Il consumatore vuole sapere
Contestualmente si sta assistendo ad un maggiore interesse del consumatore ad avere più informazioni su cosa mangia… In questo ambito stanno sorgendo diversi gruppi di opinione, primo tra tutti i Lohas, acronimo inglese di “Lifestyle of Health and Sustainability” (Stile di vita sano e sostenibile). Si tratta di persone che basano il loro "lifestyle" non sul denaro e sul consumo, ma sulla salute e la sostenibilità.
Si tratta di una corrente di pensiero che fu identificata per la prima volta già a metà degli anni '90 dal sociologo americano Paul H. Ray.  Sulla base dei risultati delle sue ricerche, Ray ha suddiviso la popolazione in tre gruppi: i conservatori, i modernisti e i “creativi culturali”. Ray si include tra questi ultimi. Per lui questo gruppo è pioniere di una nuova cultura che egli definisce “cultura integrale” con valori idealistici e spirituali più marcati.
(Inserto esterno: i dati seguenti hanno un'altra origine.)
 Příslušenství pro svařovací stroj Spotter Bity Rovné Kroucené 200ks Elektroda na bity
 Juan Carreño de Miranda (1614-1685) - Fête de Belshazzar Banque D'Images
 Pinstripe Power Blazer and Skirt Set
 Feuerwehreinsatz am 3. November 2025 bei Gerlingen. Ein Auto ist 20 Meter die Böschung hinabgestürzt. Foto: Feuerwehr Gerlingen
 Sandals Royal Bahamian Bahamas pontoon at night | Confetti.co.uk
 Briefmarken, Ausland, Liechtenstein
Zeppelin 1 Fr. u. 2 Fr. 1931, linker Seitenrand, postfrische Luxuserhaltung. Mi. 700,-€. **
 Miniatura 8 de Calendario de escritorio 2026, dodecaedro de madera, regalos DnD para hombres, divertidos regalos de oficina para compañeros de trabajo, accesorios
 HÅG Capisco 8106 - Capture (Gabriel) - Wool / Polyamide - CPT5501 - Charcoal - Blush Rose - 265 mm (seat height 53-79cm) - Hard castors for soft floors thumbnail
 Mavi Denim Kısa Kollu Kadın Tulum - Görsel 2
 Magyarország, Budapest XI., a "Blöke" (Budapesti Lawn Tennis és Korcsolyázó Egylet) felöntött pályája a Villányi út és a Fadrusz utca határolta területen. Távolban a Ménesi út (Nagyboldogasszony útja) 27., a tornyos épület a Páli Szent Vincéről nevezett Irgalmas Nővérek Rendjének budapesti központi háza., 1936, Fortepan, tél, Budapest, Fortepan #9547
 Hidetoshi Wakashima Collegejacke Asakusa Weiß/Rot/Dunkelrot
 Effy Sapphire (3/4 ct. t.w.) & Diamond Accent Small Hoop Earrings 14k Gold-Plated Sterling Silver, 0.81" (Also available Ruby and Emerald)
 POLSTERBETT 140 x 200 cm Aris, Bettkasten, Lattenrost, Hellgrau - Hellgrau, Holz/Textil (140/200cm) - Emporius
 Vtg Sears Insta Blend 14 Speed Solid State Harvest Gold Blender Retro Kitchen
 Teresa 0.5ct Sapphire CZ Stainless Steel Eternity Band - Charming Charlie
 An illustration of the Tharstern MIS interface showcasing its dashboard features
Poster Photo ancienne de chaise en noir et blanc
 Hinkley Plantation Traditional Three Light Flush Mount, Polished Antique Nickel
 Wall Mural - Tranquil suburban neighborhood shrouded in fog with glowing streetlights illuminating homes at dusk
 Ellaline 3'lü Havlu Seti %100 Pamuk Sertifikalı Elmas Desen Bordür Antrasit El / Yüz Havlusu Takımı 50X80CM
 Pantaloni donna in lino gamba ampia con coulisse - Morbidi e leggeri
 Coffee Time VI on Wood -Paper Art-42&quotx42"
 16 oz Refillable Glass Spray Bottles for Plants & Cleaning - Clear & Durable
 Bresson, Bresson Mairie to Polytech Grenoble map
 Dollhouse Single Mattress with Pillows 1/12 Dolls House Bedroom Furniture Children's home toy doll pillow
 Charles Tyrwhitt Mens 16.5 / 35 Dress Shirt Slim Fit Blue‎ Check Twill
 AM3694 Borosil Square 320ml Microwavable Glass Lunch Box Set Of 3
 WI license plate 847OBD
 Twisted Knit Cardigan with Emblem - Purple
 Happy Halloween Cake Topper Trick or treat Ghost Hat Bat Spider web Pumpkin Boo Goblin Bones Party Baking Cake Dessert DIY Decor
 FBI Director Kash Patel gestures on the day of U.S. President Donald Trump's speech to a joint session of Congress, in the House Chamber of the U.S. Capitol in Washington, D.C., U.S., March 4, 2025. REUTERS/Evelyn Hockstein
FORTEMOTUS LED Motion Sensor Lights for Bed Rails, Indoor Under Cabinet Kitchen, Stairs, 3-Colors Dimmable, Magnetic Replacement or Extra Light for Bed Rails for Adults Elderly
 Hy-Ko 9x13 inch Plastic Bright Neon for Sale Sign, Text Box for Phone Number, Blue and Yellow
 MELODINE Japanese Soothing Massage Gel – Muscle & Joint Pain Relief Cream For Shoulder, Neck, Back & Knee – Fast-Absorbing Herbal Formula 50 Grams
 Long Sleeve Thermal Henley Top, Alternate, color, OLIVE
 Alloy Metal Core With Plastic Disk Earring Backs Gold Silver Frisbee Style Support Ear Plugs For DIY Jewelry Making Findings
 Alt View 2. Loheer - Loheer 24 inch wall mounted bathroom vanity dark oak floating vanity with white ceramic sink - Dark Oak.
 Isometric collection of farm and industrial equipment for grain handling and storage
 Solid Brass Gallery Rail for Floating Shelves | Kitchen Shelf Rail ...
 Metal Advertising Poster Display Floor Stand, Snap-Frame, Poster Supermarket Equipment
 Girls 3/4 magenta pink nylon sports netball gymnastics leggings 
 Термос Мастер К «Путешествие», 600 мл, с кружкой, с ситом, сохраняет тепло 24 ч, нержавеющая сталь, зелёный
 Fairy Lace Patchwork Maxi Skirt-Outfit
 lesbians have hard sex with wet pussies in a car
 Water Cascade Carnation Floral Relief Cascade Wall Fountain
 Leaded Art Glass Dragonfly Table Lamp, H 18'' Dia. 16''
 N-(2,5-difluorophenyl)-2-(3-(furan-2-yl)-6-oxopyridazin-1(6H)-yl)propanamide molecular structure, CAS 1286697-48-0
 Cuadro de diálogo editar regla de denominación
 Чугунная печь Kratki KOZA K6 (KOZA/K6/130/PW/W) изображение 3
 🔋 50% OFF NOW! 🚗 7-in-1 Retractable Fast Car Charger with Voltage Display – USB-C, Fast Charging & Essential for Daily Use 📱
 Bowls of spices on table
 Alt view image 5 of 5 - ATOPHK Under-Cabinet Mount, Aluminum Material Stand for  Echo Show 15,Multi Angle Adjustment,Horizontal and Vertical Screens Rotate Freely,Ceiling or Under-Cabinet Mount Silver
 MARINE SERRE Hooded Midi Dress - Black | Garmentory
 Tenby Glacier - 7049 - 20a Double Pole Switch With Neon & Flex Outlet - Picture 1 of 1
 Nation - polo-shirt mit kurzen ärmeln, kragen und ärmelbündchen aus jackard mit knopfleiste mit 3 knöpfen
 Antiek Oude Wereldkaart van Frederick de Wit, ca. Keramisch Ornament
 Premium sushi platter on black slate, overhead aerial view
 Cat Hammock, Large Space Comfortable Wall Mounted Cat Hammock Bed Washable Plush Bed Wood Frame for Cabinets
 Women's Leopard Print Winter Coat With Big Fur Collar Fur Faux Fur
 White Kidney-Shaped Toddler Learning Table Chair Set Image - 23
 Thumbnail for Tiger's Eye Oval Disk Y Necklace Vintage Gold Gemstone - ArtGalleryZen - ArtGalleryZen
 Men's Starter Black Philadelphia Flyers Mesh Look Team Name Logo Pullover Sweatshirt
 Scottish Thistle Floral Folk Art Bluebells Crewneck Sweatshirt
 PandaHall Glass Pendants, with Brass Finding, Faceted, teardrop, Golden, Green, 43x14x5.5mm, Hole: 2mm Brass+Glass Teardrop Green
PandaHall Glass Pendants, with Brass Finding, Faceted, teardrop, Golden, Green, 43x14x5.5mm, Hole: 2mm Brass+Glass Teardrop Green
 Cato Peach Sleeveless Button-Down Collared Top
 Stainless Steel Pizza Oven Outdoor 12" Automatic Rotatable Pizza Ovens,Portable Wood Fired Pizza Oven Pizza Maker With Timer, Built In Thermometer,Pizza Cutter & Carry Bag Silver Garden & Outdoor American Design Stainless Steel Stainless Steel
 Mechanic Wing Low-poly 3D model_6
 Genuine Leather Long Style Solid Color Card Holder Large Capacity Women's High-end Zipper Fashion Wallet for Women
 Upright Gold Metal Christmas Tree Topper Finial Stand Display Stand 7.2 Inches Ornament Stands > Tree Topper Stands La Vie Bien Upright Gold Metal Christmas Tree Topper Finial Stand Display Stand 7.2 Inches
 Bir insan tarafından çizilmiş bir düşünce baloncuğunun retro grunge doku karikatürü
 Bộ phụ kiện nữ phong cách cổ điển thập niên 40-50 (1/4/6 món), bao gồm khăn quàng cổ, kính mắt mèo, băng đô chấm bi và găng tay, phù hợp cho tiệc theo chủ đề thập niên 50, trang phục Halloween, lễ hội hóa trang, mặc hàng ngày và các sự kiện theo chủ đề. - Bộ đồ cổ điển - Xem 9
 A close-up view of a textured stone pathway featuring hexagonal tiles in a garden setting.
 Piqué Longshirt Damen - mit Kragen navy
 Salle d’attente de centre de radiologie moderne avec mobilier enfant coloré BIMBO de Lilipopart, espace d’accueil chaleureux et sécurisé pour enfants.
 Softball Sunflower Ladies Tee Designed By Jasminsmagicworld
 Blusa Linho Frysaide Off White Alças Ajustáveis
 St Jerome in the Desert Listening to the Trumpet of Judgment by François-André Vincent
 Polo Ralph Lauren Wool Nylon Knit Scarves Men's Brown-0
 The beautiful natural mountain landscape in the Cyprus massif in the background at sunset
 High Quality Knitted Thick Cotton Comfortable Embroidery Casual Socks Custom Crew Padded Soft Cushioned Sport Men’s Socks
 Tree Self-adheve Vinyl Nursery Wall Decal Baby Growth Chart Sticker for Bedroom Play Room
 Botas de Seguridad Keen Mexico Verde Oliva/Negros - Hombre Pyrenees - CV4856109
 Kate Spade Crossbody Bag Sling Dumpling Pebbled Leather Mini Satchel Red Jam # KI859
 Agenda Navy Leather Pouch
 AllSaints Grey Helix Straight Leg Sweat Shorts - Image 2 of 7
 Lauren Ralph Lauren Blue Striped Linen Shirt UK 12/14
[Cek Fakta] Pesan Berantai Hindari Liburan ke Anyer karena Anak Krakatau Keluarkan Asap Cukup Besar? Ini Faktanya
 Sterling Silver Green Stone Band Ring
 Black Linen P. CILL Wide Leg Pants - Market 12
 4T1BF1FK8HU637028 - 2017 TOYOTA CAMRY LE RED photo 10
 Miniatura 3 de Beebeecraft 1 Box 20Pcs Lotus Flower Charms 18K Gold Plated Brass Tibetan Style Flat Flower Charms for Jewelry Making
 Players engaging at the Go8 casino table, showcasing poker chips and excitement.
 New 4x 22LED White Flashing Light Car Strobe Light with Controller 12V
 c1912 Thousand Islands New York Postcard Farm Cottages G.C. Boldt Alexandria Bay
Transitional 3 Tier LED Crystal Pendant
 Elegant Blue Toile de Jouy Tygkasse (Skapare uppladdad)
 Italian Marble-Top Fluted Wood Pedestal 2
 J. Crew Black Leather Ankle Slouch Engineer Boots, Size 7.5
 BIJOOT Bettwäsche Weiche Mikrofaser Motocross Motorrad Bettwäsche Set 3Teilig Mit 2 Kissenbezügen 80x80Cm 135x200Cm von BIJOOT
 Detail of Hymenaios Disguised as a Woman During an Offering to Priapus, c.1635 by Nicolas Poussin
I Lohas si preoccupano di più dei loro rapporti e dello sviluppo della loro personalità, sono più consapevoli dell’ambiente e più aperti a creare un futuro positivo e, solo in America, movimentano un mercato di 290 miliardi di dollari (http://www.lohas.com)
 
Tutto positivo ma…
Il prodotto c’è. La competenza c’è. La qualità c’è. Il consumatore è pronto.
Ma allora perché gli agricoltori italiani si lamentano e spesso sono costretti a svendere il loro prodotto?
Siamo di fronte ad un paradosso… spesso si "svende" un prodotto eccellente semplicemente perché non gli si sa dare il giusto valore.
In questo ambito l’agricoltura italiana sta commettendo alcuni errori grossolani…
Produce specialità ma vuole competere nei mercati delle commodity.
Produce benissimo ma non riesce a raccontarlo al consumatore.
Vive di individualismo aziendale quando dovrebbe “fare sistema” per affrontare un mercato globalizzato che non vede l'ora di acquistare il vero "made in Italy".
In pratica l'agricoltore crea un valore enorme… ma lo comunica male (a volte malissimo) a chi sarebbe disposto a riconoscerlo e pagarlo.
L’augurio per il 2015?
Mi auguro abbia inizio un nuovo Rinascimento dell’agricoltura italiana.
Auspico che chi detiene il potere di farlo (e in Italia sono in tanti, forse troppi...) sia consapevole di quanto vale l’agroalimentare made in Italy e sfrutti al massimo l’opportunità di far sapere… quanto sono buone e sane le nostre filiere!